Wojtowicz-Vosloo garnered extensive media attention after the release of After.Life. Ronnie Scheib from Variety called the film "an elegant exercise in horror", while the National Board of Review commented "Wojtowitcz-Vosloo masterfully manipulates the conventions of horror and thriller genres with an exceptionally assured sense of style and storytelling". Noted film reviewer James Berardinelli added "I admire filmmakers who take chances and defy expectations. The echoes of 'After.Life' linger in the memory long after the impressions of countless safe cookie cutter productions have faded". Manohla Dargis' review in The New York Times however was mixed, "Ms.
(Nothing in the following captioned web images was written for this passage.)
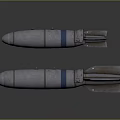 White Military Bombs With Blue Stripes Tail Fins And Top Devices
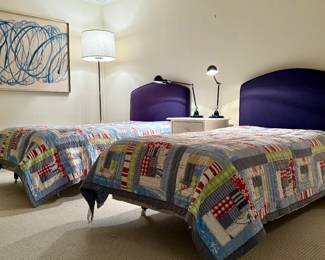 (2) Pottery Barn Upholstered Twin Beds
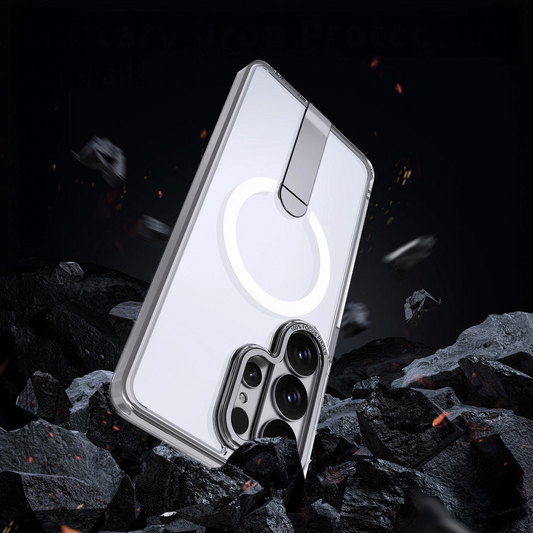 MagSafe puzdro pre Samsung Galaxy S26 S942, Hybrid Armor, X so stojanom, priehľadné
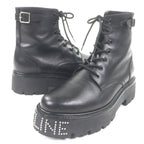 Celine Bulky Leather Hedi Slimane Era Logo Studs Lace Up Short Boots Black 42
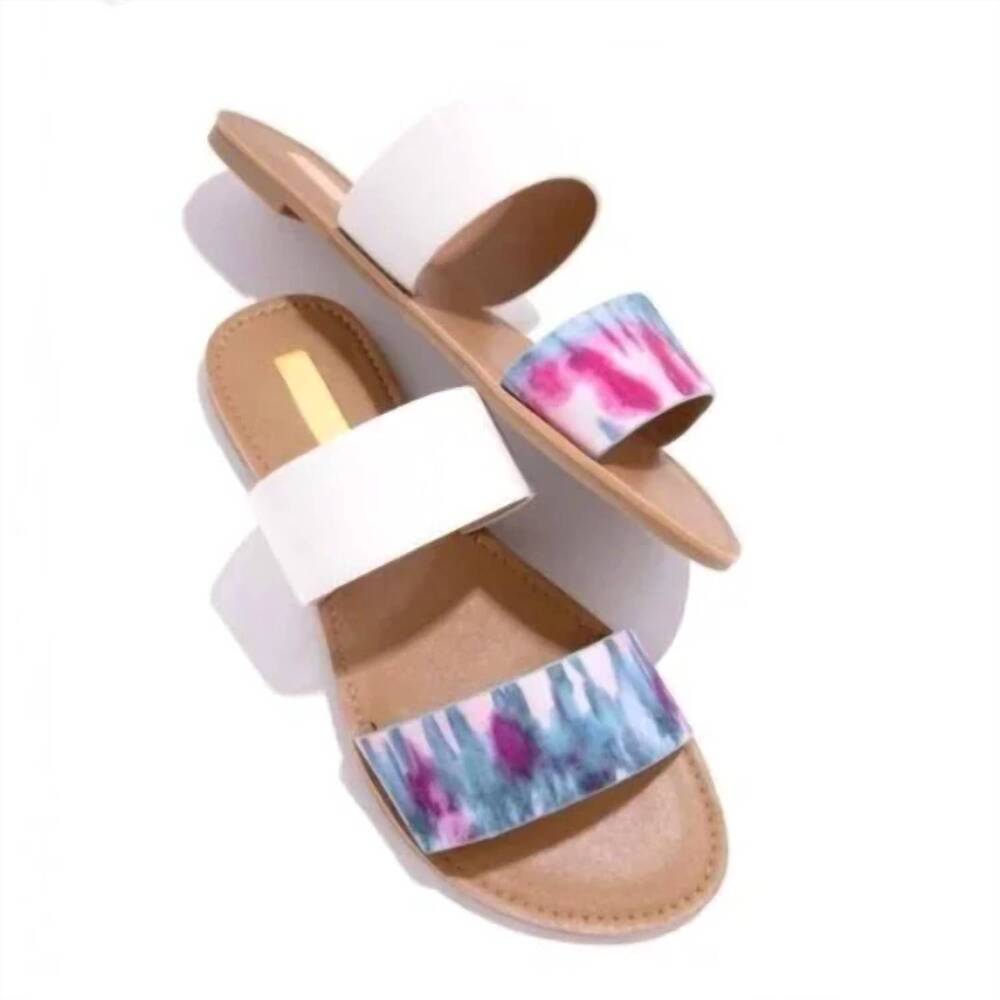 NEW INSIGNIA women's two strap tye dyed sandals in blue/fushia
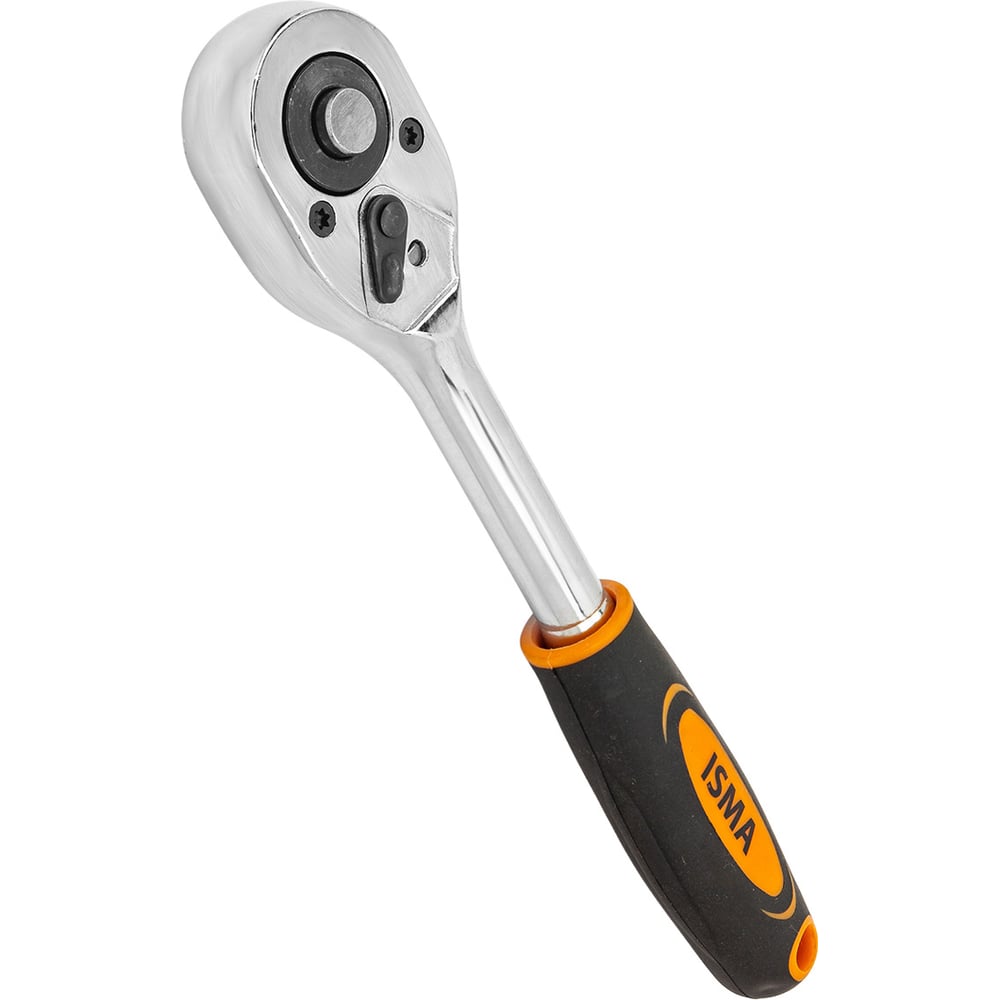 Изображение товара Трещотка реверсивная ISMA 3/8'' с рукояткой 205мм хромированная
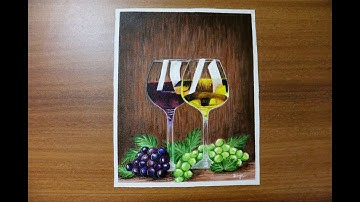 WINE GLASSES With GRAPES PAINTING | Step by Step | Grapes Painting Easy
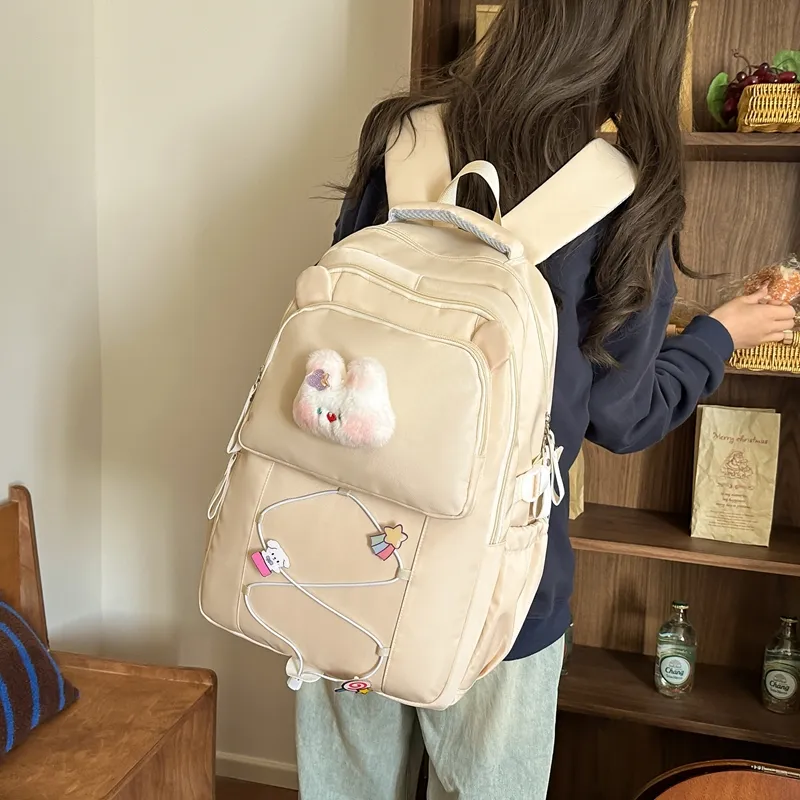 Yalu Nylon Backpack Women's Beige Yellow/Black/Burgundy/Purple/Pink-2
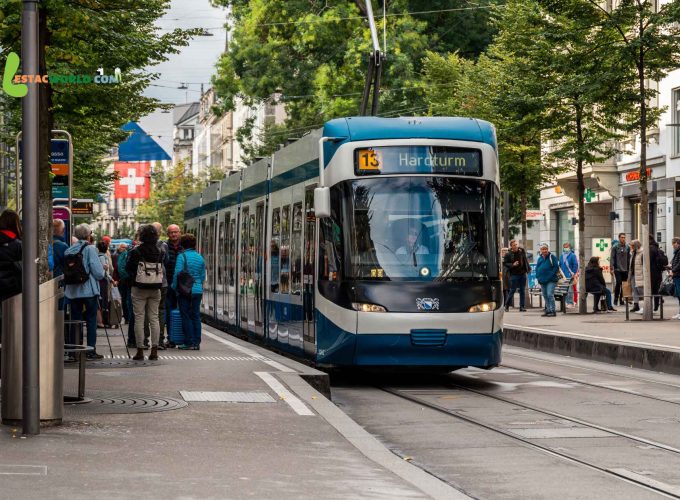 Tram train passing through Zurich city, a highlight of the 7 nights 8 days Switzerland tour package.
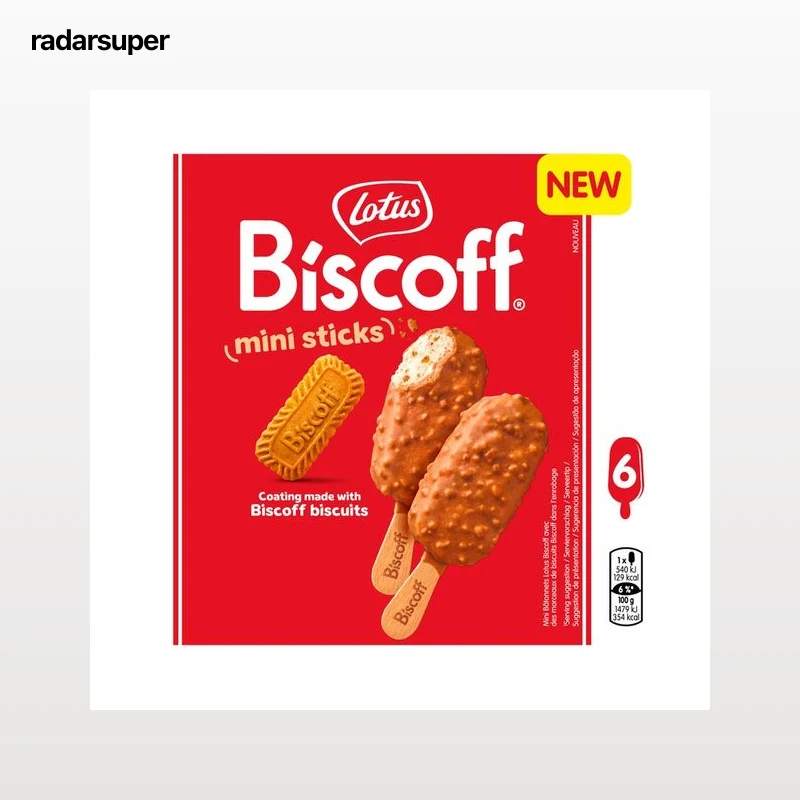 BISCOFF Mini helados de galleta caramelizada, con trozos de galleta caramelizada 6 x 50 ml.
Wojtowicz-Vosloo seems to have spent too much time trying to make an art-house chiller instead of an effective film." Review aggregate Rotten Tomatoes reports that 29% of 49 critics have given the film a positive review, holding an average score of 4.6/10. According to the website, the film's critical consensus is, "It has an interesting premise and admirable ambitions, but After.Life fails to deliver enough twists or thrills to sustain its creepy atmosphere." Review aggregate Metacritic has given the film a weighted score of 36/100, based on 21 reviews, indicating "Generally unfavorable reviews".

In The Wall Street Journal profile "Death Becomes Her" by Matthew Kaminski, Liam Neeson said Wojtowicz-Vosloo "reminds me a little of Kathryn Bigelow," the Oscar-winning director of The Hurt Locker. In July 2010 the filmmaker was featured in Elle magazine and on the cover of Gazeta Wyborcza, Polish newspaper.